Rome News-Tribune

Lawsuit seeks to void Georgia congressio­nal election results

-

ATLANTA — Georgia’s electronic touchscree­n voting system is so riddled with problems that the results of the most expensive House race in U.S. history should be tossed out and a new election held, according to a lawsuit filed by a government watchdog group and six Georgia voters.

The lawsuit was filed Monday in Fulton County Superior Court by the Colorado-based Coalition for Good Governance and voters who are members of the group. It seeks to overturn the results of the June 20 runoff election between Republican Karen Handel and Democrat Jon Ossoff in Georgia’s 6th Congressio­nal District. Handel was declared the winner with 52 percent of the vote to Ossoff’s 48.
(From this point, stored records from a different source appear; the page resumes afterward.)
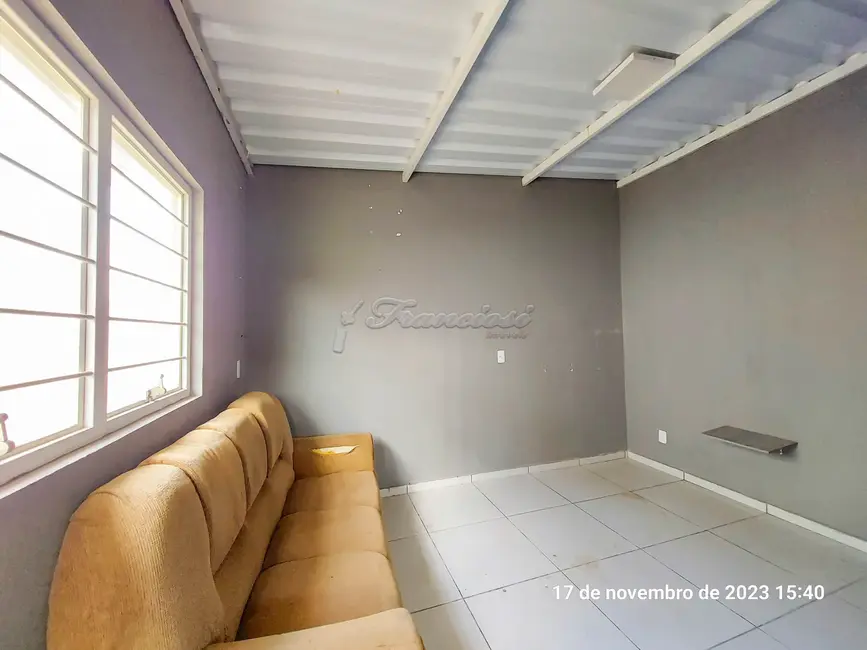 Fazenda / Haras para alugar, 640m2 em Vila Leonor, Itapetininga - SP - imagem 6 Foto 6 de Fazenda / Haras para alugar, 640m2 em Vila Leonor, Itapetininga - SP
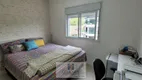 Foto 28 de Apartamento com 3 Quartos à venda, 167m² em Jardim Astúrias, Guarujá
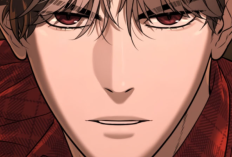 Spoiler Manhwa Killer Peter Chapter 106 Bahasa Indonesia, Saatnya Melakukan Eksekusi!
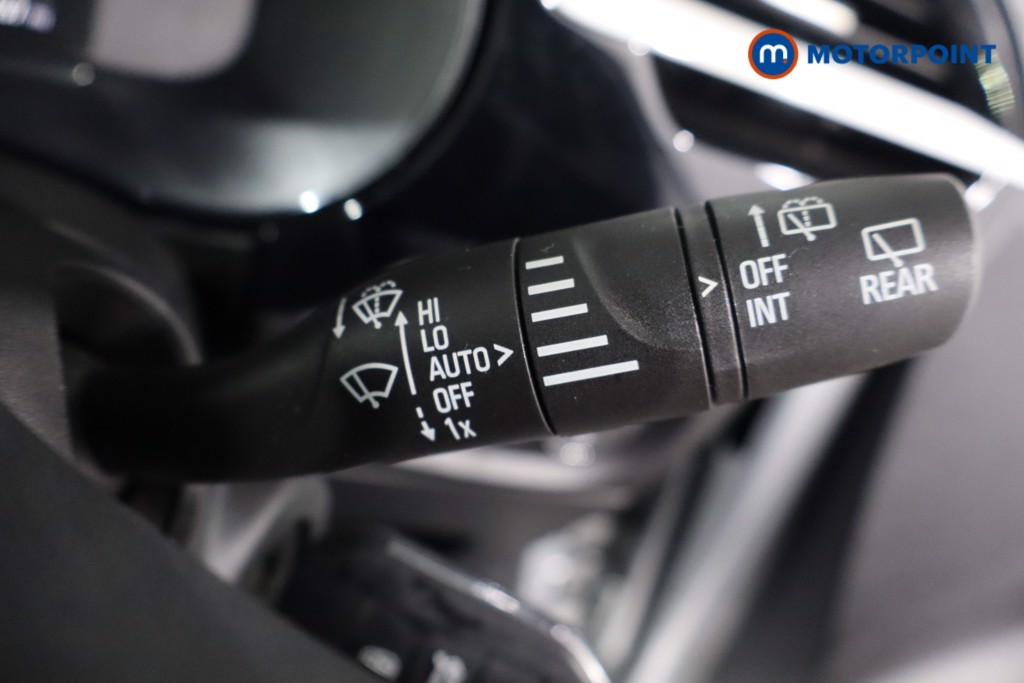 Used Vauxhall Corsa 2023 for sale - 77013773: Photo 23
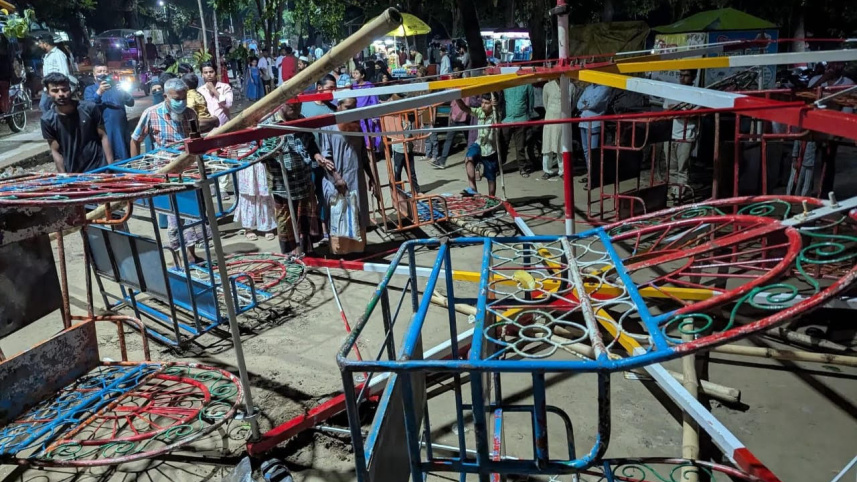 nagordola mymensingh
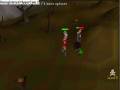 silabsoft lvl 126 dm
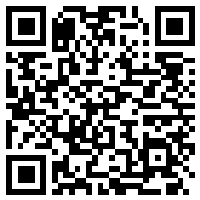 QR Code for bitcoin:12GZbac8b1qksh8xzHGb4g271Lscc3cpHu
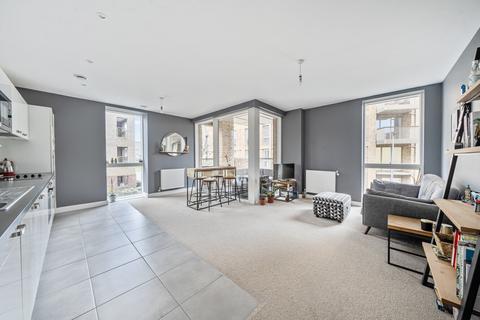 undefined, Adenmore Road, London, SE6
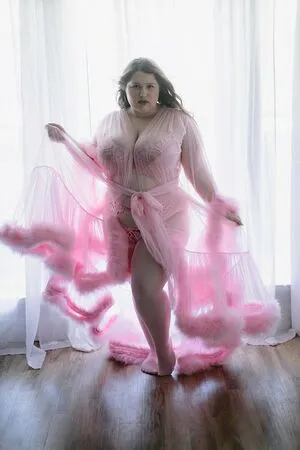 Modelkatrinawhite OnlyFans Leaked Free Thumbnail Picture - #rbA8SfuI2y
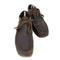 クラークス Clarks Shacre II Run Shoes メンズ JPN:26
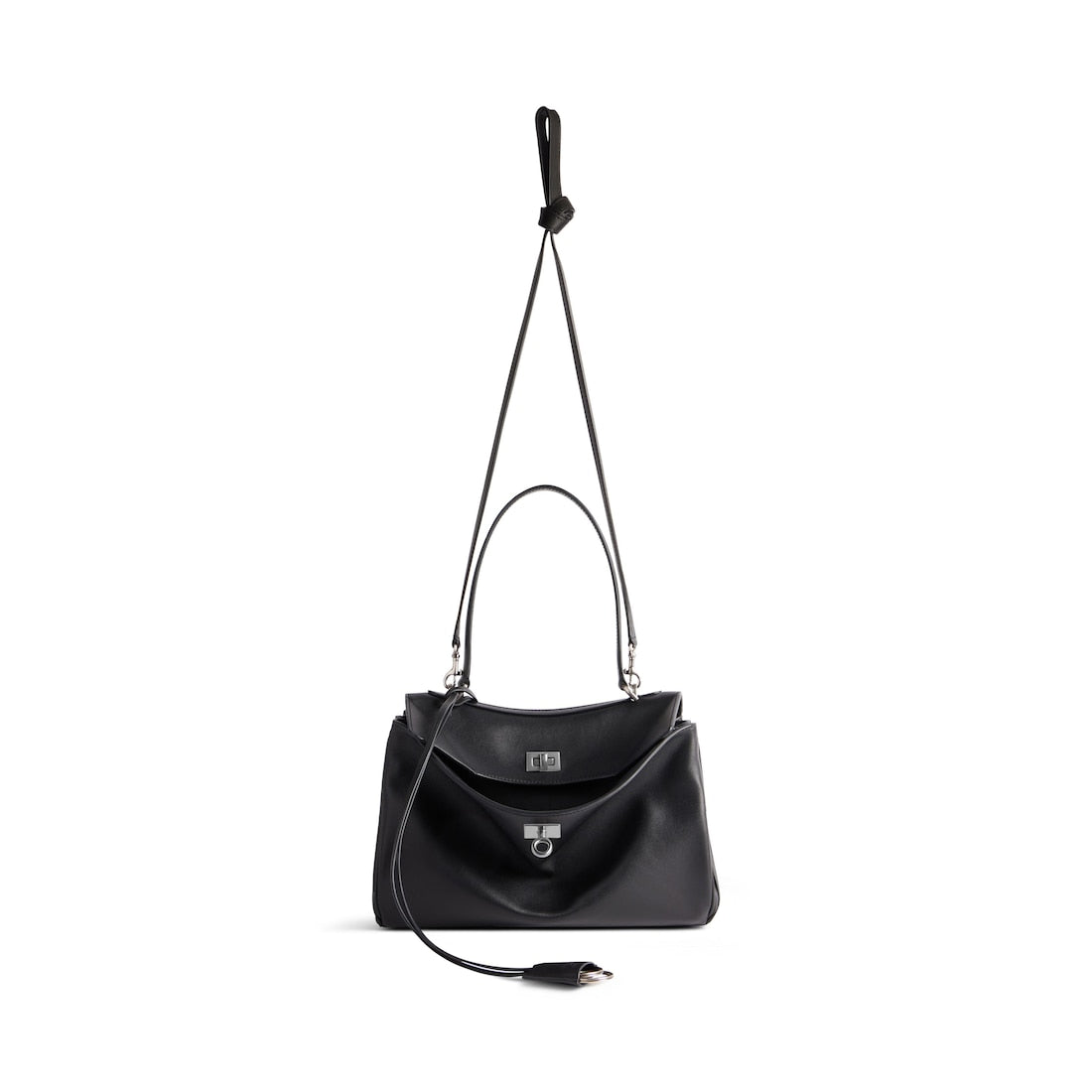 Rodeo small handbag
The named defendants include Georgia Secretary of State Brian Kemp, members of the State Election Board, local election officials in Fulton, Cobb and DeKalb counties and the Center for Election Systems at Kennesaw State University.

The lawsuit claims Georgia’s touchscree­n voting system has severe security problems, lacks verifiable paper ballots and cannot be legally used for elections.

A judge in June threw out a related lawsuit that attempted to force Georgia to use paper ballots.

The new lawsuit comes weeks after the publicatio­n of a classified National Security Agency report describing a sophistica­ted scheme, allegedly by Russian military intelligen­ce, to infiltrate local U.S. elections systems using phishing emails.

The suit cites the work of private cybersecur­ity researcher Logan Lamb, who discovered last August that a misconfigu­red server had left Georgia’s 6.7 million voter records and other sensitive files exposed to hackers. The complaint also notes that seven months after Lamb made that discovery, another researcher was able to do the same.